该论文研究在寿命分布未知时,通过数据驱动算法学习最优块更换间隔k*。算法采用随机多臂赌博机框架,Hoeffding和Bernstein下置信界算法实现O(K log T)的遗憾,匹配Lai-Robbins下界。利用块更换的嵌套观测特性,相关变体达到O((K-k*) log T)的遗憾,仅需O(1)次直接拉动次优臂。Kaplan-Meier更新算法从删失数据非参数估计寿命分布,实现几乎必然策略一致性和渐近零增量遗憾。数值实验验证了理论排序,并揭示了最优块更换与年龄依赖更换之间的结构性成本差距。

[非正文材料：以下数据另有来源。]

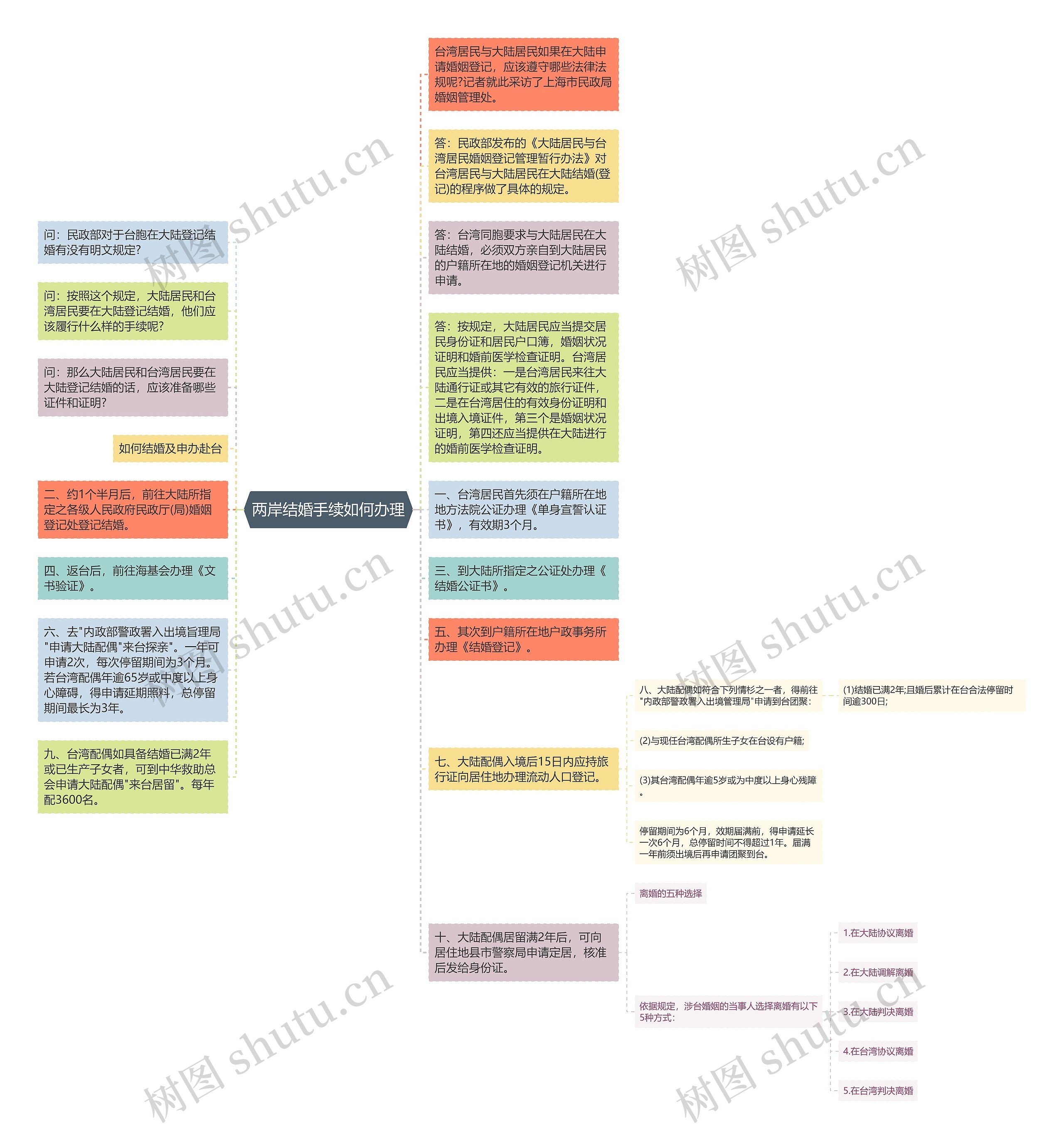 两岸结婚手续如何办理思维导图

Data Driven Block Replacement Scheduling
We develop data-driven algorithms for maintaining $N$ independent identical machines under a \textit{block replacement policy}, in which each machine is replaced upon failure and all machines are jointly replaced at regular intervals of length $k$. The goal is to learn the cost-minimizing interval $k^*$ from operational data when the lifetime distribution is unknown. At each decision epoch, the operator selects $k \in \{1, 2, \ldots, K\}$, observes the resulting failure history (a mixture of complete and right-censored lifetimes) and incurs a per-unit-time cost governed by the renewal function. We formulate this as a stochastic multi-armed bandit and propose Hoeffding- and Bernstein-based lower-confidence-bound algorithms achieving $O(K \log T)$ regret, matching the Lai--Robbins lower bound. Exploiting a nested observation property unique to block replacement, correlated variants attain $O((K-k^*)\log T)$ regret and require only $O(1)$ direct pulls of suboptimal arms $k < k^*$. A complementary Kaplan--Meier renewal algorithm estimates the lifetime distribution nonparametrically from censored data, achieving almost-sure policy consistency and empirically near-zero incremental regret at long horizons. We additionally analyze two average-cost MDPs: a time-elapsed formulation establishing that block replacement is optimal within its policy class for any lifetime distribution, and an age-vector formulation proving a monotone threshold structure under increasing failure rate distributions and providing a gold-standard cost benchmark. Numerical experiments confirm the theoretical ordering and reveal structural cost gaps between optimal block and age-dependent replacement.